Die Geschichte und der Hintergrund der Morde ist perfide, recht brutal, doch dieses Mal realistisch und nachvollziehbar. Es geht so weit, dass man als Leser am Ende, genau wie die Ermittlerin sogar Verständnis für die Morde aufbringen könnte. Gut gefallen hat mir im zweiten Band auch die Interaktion zwischen Mutter Carla und ihrer hochsensiblen Tochter Lana. Es war ein guter Schachzug, dass auch der gewalttätige Ex-Mann keine große Rolle mehr spielte, außer, dass er aus reiner Manipulationssucht Kontakt zu seiner Tochter Lana sucht, jedoch nach dem Intermezzo recht schnell wieder verschwindet. Man kann nur hoffen, dass das Thema dann hoffentlich für immer vom Tisch ist. Denn es spielt für die Krimis keine Rolle, definiert Carlas Charakter nicht zusätzlich und verliert sich in unangenehmen Brutalitäten. Das braucht ein guter Krimi nicht. Genauso wenig, wie der für mich unverständliche Versuch, eine lesbische Sexszene einzubauen, die weder Hand noch Fuß hat.

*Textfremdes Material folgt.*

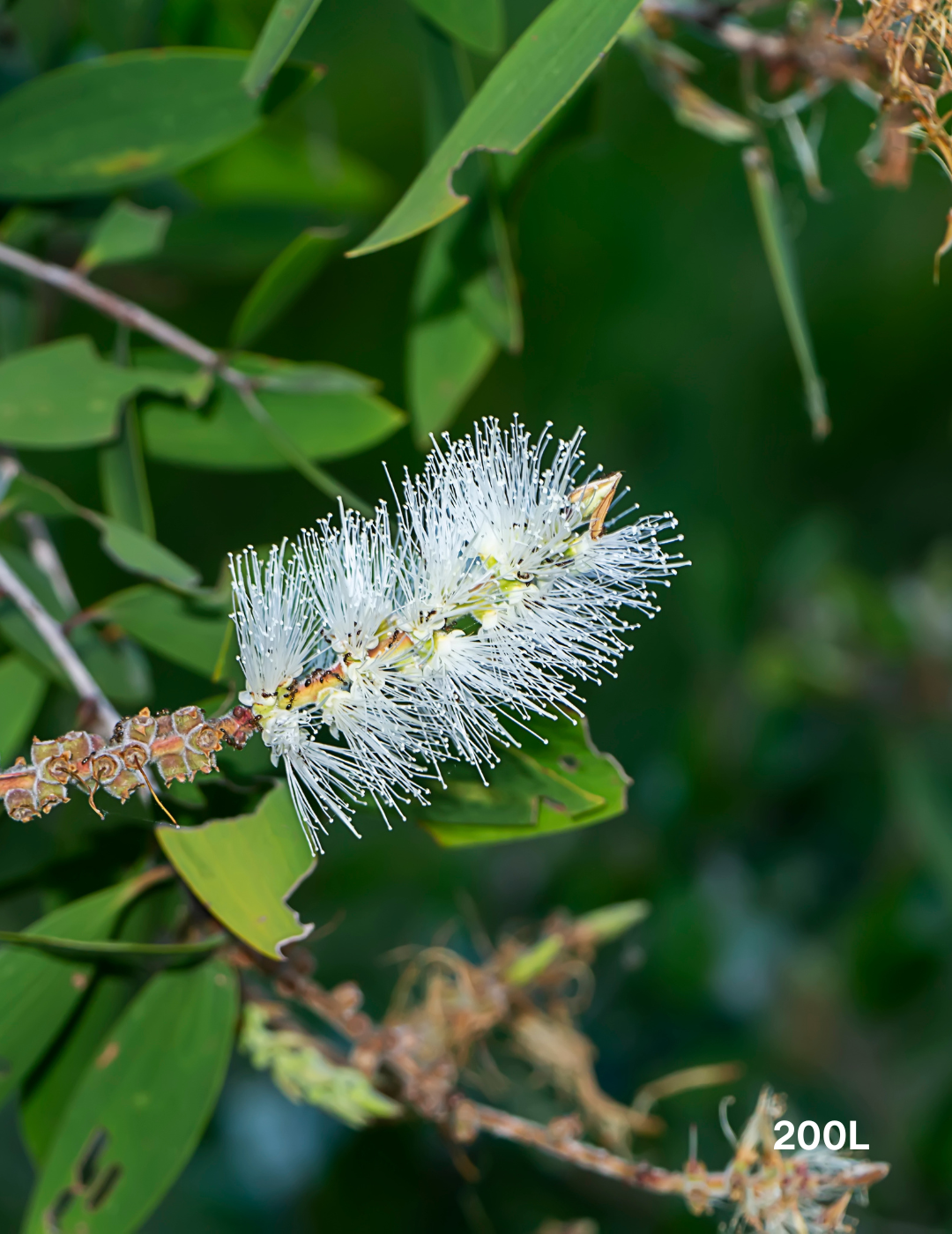 Melaleuca Quinquenervia Leaves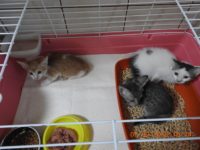 69646526_3021007521305117_8828756239904145408_o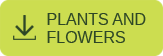 DOWNLOAD PLANTS AND FLOWERS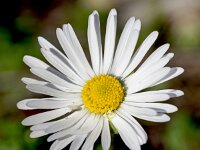 Bellis sylvestris 26, Saxifraga-Sonja Bouwman  Bosmadeliefje - Bellis sylvestris - Asteraceae familie; Skinaria (Zakynthos)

Sia Piontek hat einen guten Stil und ein prima Gefühl für ihre Krimis, darum sollte sie sich nicht in Nebenschauplätzen verlieren, die zum Fluss der Geschichte nichts beitragen. So können die Bücher kürzer und richtig knusprig werden. Ich bin wahnsinnig gespannt, wie es mit der Serie weitergeht. Auch wenn ich hier ein wenig kritisch wirke, das sind wirklich nur Peanuts. Die Fälle sind fundiert, spannend und gut zu lesen.
Der Wolf im dunklen Wald, Sia Piontek, Goldmann Verlag, Klappbroschur, 448 Seiten, ISBN: 978-3-442-20663-6, Euro 17,00. Erschienen am 19. März 2024.